Ground-source heat pumps, also known as geothermal heat pumps, use the earth, groundwater or both to heat your home in the winter and cool it in the summer, and supply hot water. Ground-source heat pumps are more effective at heating homes during Canadian winters and provide greater energy savings than air-source heat pumps because in the winter underground temperatures are higher than air temperatures.
Ground source heating produce less CO2 than other forms of space heating systems.
What to Look For
- Find a qualified, licensed contractor who can access your home and your needs.
- There are two important energy efficiency ratings: the Heating Seasonal Performance Factor (HSPF) indicates its efficiency in the winter, and the Energy Efficiency Ratio (EER) indicates efficiency in the summer. In both cases the higher the number, the higher the efficiency.
Things to Consider
- Ground-source heat pumps are expensive and the installation process requires significant work and disruption to your garden, but they have a long life expectancy. The indoor components (the heat pump) typically last for 25 years, while the ground loops can last for more than 50 years.

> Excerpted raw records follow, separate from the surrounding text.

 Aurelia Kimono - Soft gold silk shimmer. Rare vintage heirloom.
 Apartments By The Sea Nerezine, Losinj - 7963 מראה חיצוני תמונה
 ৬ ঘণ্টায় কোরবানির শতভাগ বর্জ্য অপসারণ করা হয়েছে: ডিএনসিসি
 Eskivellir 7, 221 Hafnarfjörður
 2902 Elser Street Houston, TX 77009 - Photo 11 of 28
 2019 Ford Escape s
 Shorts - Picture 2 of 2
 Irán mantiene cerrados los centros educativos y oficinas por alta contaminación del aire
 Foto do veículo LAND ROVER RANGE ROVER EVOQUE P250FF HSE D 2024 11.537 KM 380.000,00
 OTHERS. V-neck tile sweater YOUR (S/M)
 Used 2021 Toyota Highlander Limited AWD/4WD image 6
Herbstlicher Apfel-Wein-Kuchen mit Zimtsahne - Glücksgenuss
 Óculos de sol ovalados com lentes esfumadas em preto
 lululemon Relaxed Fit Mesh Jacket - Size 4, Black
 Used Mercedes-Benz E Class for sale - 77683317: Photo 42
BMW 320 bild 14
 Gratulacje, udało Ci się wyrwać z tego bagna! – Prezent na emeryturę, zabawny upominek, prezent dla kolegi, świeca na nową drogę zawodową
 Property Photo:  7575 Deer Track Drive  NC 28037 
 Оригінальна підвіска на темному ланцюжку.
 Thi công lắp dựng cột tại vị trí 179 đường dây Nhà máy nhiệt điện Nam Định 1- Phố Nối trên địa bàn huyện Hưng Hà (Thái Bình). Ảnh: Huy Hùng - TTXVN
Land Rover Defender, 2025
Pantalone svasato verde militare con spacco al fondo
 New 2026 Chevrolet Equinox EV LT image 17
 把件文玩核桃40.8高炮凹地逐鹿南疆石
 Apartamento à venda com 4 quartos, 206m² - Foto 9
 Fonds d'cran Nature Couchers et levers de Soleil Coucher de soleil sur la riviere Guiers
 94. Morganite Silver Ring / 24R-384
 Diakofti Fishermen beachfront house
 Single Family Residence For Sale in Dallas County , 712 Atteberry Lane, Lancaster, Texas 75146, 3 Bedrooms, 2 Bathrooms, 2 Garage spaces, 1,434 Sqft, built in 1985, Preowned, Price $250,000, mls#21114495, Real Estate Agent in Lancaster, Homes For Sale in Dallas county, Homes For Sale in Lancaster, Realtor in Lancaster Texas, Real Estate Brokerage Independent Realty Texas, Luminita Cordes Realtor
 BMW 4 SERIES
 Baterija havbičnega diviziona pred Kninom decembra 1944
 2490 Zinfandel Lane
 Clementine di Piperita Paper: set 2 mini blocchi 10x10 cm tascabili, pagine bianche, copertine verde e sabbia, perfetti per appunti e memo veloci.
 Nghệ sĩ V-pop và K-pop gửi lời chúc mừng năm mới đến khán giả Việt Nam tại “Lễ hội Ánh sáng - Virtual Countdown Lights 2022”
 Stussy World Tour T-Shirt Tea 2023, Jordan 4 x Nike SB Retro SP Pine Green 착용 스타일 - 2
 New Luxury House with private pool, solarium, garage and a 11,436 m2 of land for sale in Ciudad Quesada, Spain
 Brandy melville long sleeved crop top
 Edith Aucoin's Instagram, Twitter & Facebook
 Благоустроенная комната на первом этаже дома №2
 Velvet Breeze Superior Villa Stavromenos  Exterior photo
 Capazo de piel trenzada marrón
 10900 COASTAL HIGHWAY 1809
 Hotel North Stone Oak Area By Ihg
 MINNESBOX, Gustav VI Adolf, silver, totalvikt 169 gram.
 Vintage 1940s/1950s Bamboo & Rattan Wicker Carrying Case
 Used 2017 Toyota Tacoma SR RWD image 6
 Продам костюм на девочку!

- Ground source heat pumps will generally heat your unit at a slightly lower temperature than a traditional gas or electric unit
- Pair your heat pump with a smart thermostat, to better manage energy use.
- Service your pump at the end of the summer, before the next heating season.
- Consider financing your home energy improvements through the City of Toronto’s Home Energy Loan Program (HELP).
- Get an EnerGuide home energy evaluation to help you understand how your home uses energy and identify all improvement opportunities.
- Check with your municipality, utility or retailer to see if rebates are available.
$20,000 – $40,000, including installation.